THE TASK ▸
The expected result is the full listing, retyped exactly, without a single picture.

DATASET EXTRACT ▸
*** Block opens ***

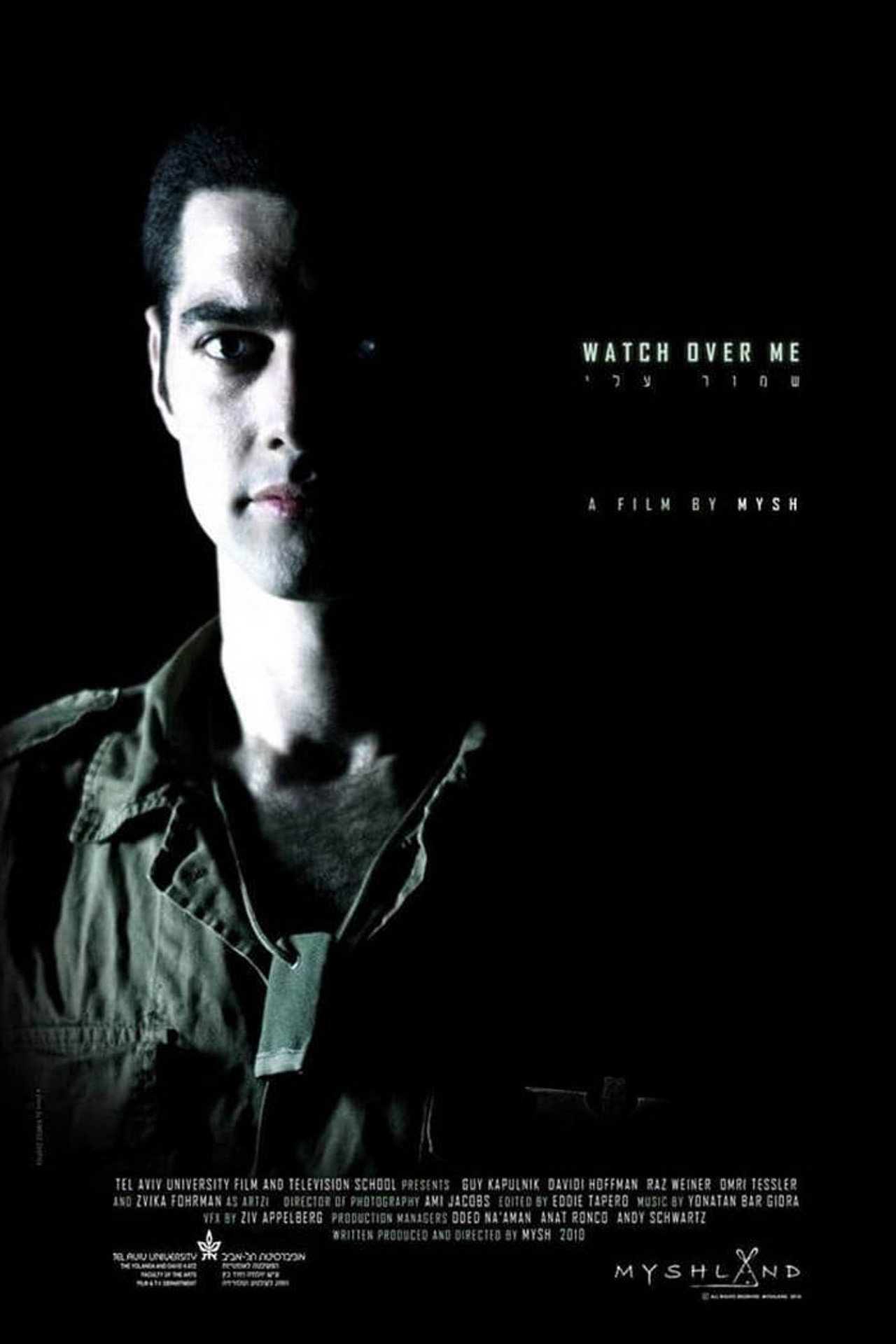 שמור עלי filmaffisch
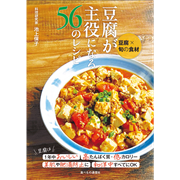 豆腐×旬の食材 豆腐が主役になる56のレシピ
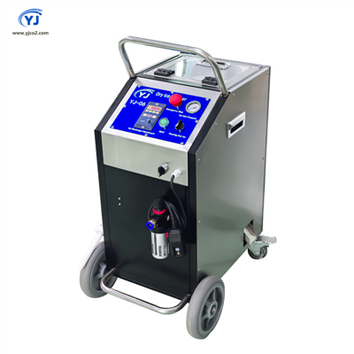 Qolib quruq muzni tozalash mashinasi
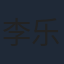 李乐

*** Block closes ***

YOUR SOLUTION ▸
 שמור עלי filmaffisch
 豆腐×旬の食材 豆腐が主役になる56のレシピ
 Qolib quruq muzni tozalash mashinasi
 李乐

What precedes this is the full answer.